Candice Ransom's AMANDA PANDA AND THE BIGGER, BETTER BIRTHDAY

Each summer I like to feature the Children's Literature Faculty at Hollins University, to help celebrate their successes. I kick off this summer's features with the author of over 110 books, Candice Ransom, and her latest picture book...

"Picture Book Sequels, Easy Peasy?”
Candice Ransom

      In the spring of 2015, I was asked by Frances Gilbert of Doubleday to write a picture book about a cute panda character created by an illustrator. This is not my normal way of working, but I was game. Amanda Panda Quits Kindergarten was published in 2017, with illustrations by the fabulous Christine Grove.
     The summer before Kindergarten came out, Frances Gilbert came to Hollins University, where I teach in the Graduate Program in Children’s Literature, to speak to the students. After picking her up at the airport, I drove us to a cafeteria.
     “Shall we talk about a sequel?” Frances said over buttered coconut pie.
     “Hmm. What about a birthday story?” I said. But then our conversation shifted to a vastly more important topic: our cats.
     After Frances’ visit, I took her back to the airport. “What about the sequel?” I asked.
     “The birthday idea sounds good,” she said.
     Was it?

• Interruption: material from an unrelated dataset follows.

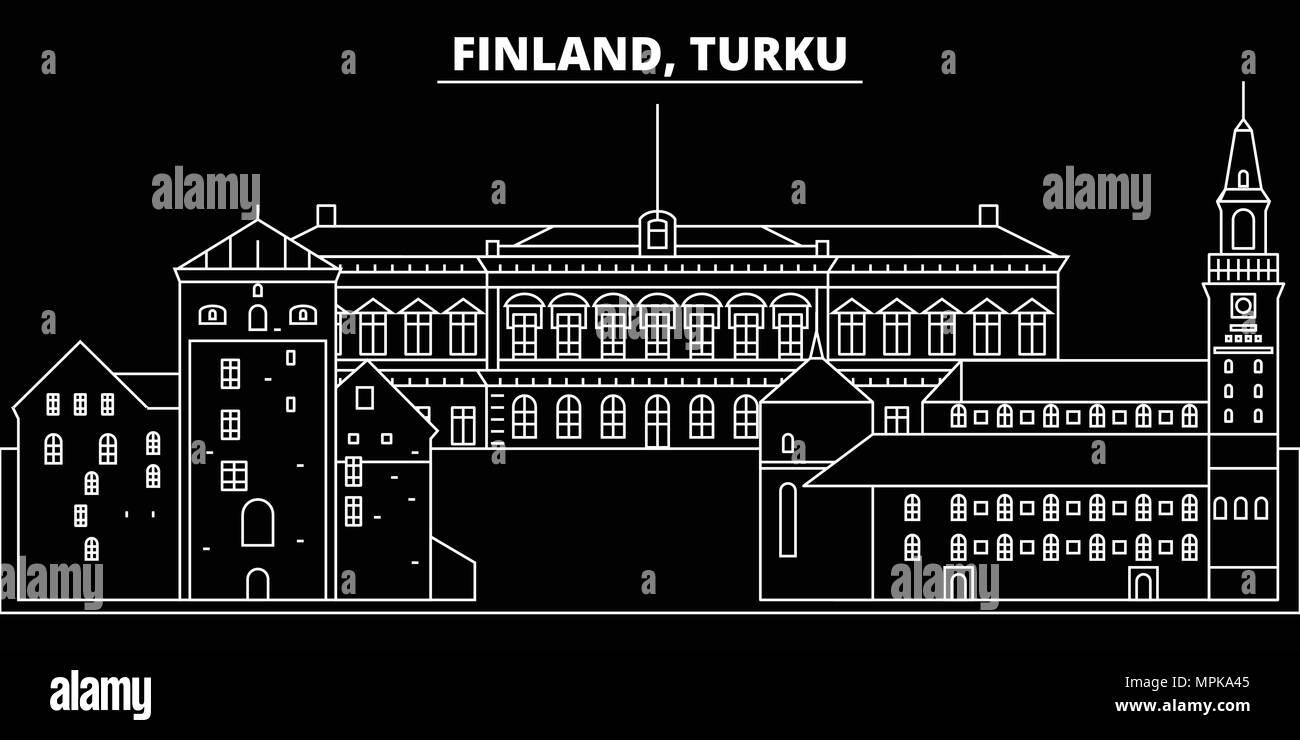 Turku silhouette skyline. Finland - Turku vector city, finnish linear architecture, buildings. Turku travel illustration, outline landmarks. Finland flat icon, finnish line banner Stock Vector
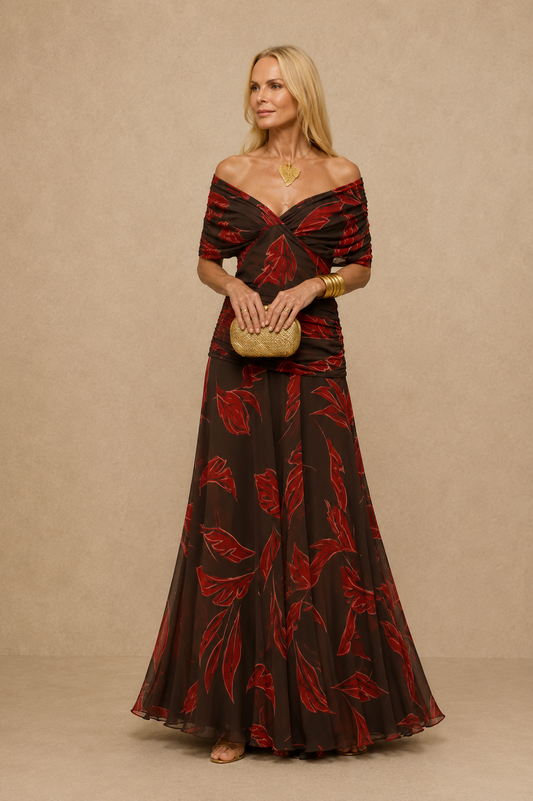 Women's Elegant Off Shoulder Formal Maxi Dress Floral Leaf Print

It seemed big and vague. Still, how hard would it be to write a sequel?
     Since my work is often rooted in my past, I scrolled through childhood memories and recalled a cousin’s birthday party. Jeani received a big stuffed horse I wanted terribly. I couldn’t understand why she didn’t give me her present. A Kodachrome snapshot from that day shows us in a hammock, my arm possessively around her stuffed horse.
     Still unsure of the plot, I moved into the dining room with a stack of loose leaf paper, a pen, and that photograph. The big, vague idea loomed over me like Mt. Everest. Each morning, I went to my “office,” copied over work from the day before, then chipped away at that mountain with what felt like a toothpick. Some days I added only a few lines. I started writing in September, and finished the story—all 863 words—the first week in November. Tolstoy wrestled less with War and Peace. This isn’t to say I write my picture books in a flash. But since this book was a sequel, there were expectations I had to uphold.
     The character I’d created in the first book changed in the course of that story, but not entirely. That held the door open for a sequel. But I couldn’t set Amanda back to zero, either. The new story walked a fine line between giving the reader a familiar, yet different experience.
     In Amanda Panda and the Bigger, Better Birthday (2018), Amanda doesn’t crave another character’s birthday present, as I did when I was six. Instead I gave her the emotions I felt that day, of wanting to be the star. One of childhood’s hardest lessons is learning to share the stage. Those weeks at the dining room table, I whittled a picture book from a huge block of an idea.
     The finished text reflects none of my fretting (I hope). Christine Grove’s expressive illustrations kept Amanda Panda’s angst on the light side, and elevated frenemy Bitsy to new heights of outrageousness.
     If I’m asked to write another Amanda Panda book, I’ll remember my own hard lesson: have no illusions that sequels are a downhill slide, but a higher mountain to climb.